Worldwide, Bangladesh is recognized as the country most vulnerable to the adverse effects of climate change, and frequent natural calamities are among the main threats to food security and nutrition.
On a five-day visit from Rome, WFP Assistant Executive Director for Partnership s Elisabeth Rasmusson joined Her Excellency Merete Lundemo, Ambassador of Norway, and His Excellency Gerben de Jong, Ambassador of the Kingdom of the Netherlands, as well as officials from the Government of Bangladesh, WFP and partner NGOs in a tour of northern Bangladesh.
“Resilience against natural disasters starts with resilience at the family level – people need the knowledge and resources to cope with shocks, and the infrastructure to help reduce them,” said Ms. Rasmusson. “WFP works closely with partners in the Government as well as national and international NGOs to help families protect their homes and fields, but more donor support is urgently needed to enable us to reach more communities.”
“The capacity for resilience is essential for sustained human existence. Any development effort has to strengthen this capacity, because there will always be disasters, which we need to overcome,” said Ambassador de Jong.

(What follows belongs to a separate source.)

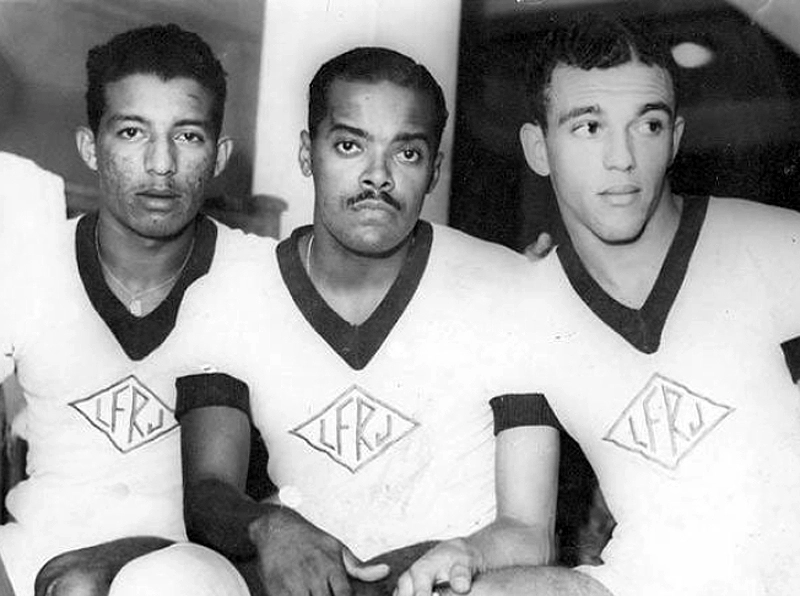 Pela Seleção Carioca, em 1942, Zizinho, Leônidas e Jair Rosa Pinto. Foto: Reprodução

“The Netherlands is therefore happy to support WFP’s assistance to the Government of Bangladesh in this area because of its direct impact on the lives of many poor and vulnerable households through tackling both the physical and socio-economic challenges to resilience.”

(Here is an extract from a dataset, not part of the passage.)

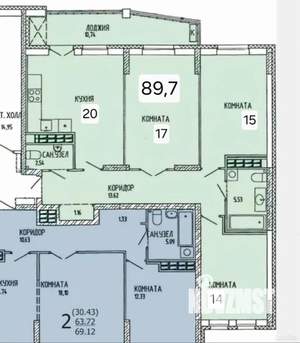 3-к квартира, вторичка, 100м2, 12/15 этаж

The Kingdom of the Netherlands is one of the main donors to the Enhancing Resilience to Natural Disasters and the Effects of Climate Change programme, implemented jointly by the Government of Bangladesh and WFP. A Dutch contribution of more than US$3 million enabled WFP to support 7,000 people and their families with food and cash for work and training as well as cash grants in 2013. In total, WFP engages 80,000 ultra-poor rural women and men in cash and food for work and training to increase their resilience to future disasters.
“WFP and the government of Bangladesh work really well together to build resilience and promote development,” said Ambassador Lundemo. “The projects that I have visited with Assistant Executive Director Rasmusson this week clearly demonstrate how vital nutrition is to progress in these important areas.”

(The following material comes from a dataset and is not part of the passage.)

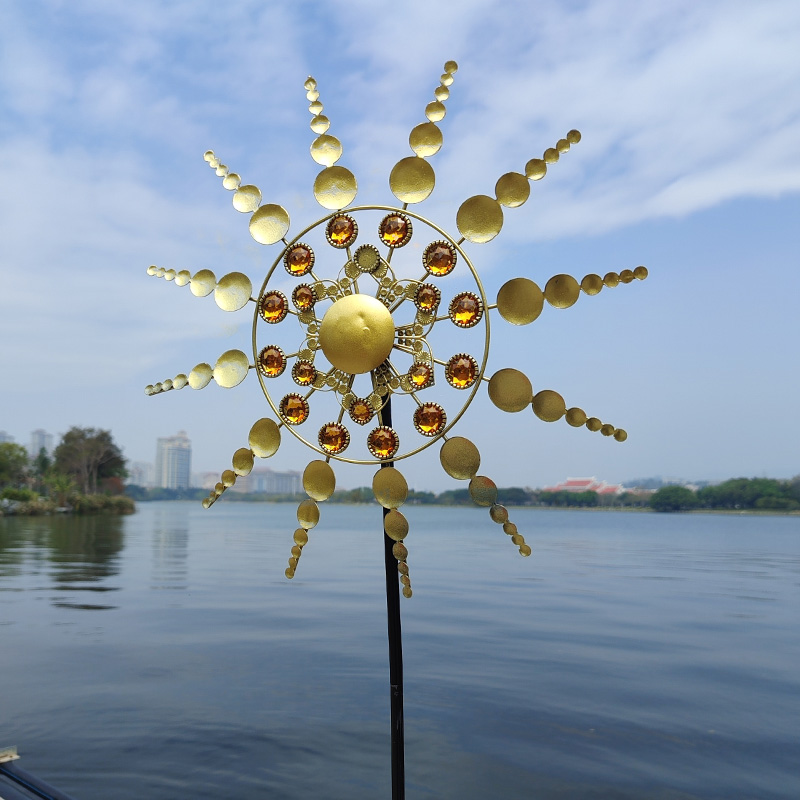 Outdoor Power And Plant - Sunflower Iron Windmill Spinner Outdoor Garden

The Enhancing Resilience programme brings local government representatives, NGOs and communities together to identify and realise food/cash for work projects such as repair and reinforcement of embankments or excavation of drainage and irrigation canals. The Local Government Engineering Department provides technical oversight of the projects at the upazila level.
Throughout the rainy season, villagers take part in training sessions to enhance their knowledge, attitudes and practices on disaster preparedness and response, hygiene, sanitation and nutrition. In exchange for their time and labour, all programme participants receive a nutritious food ration from WFP and the equivalent in cash from the Government of Bangladesh over a period of two years. In a third programme year, WFP works with women from households who participated in food/cash for work in order to further strengthen their families’ resilience to future shocks. The women learn about business development and entrepreneurship, identify activities that match their skills and local demand, and develop a business plan. They then receive a cash grant to invest, and a monthly allowance to help support their families while they focus on making their businesses successful.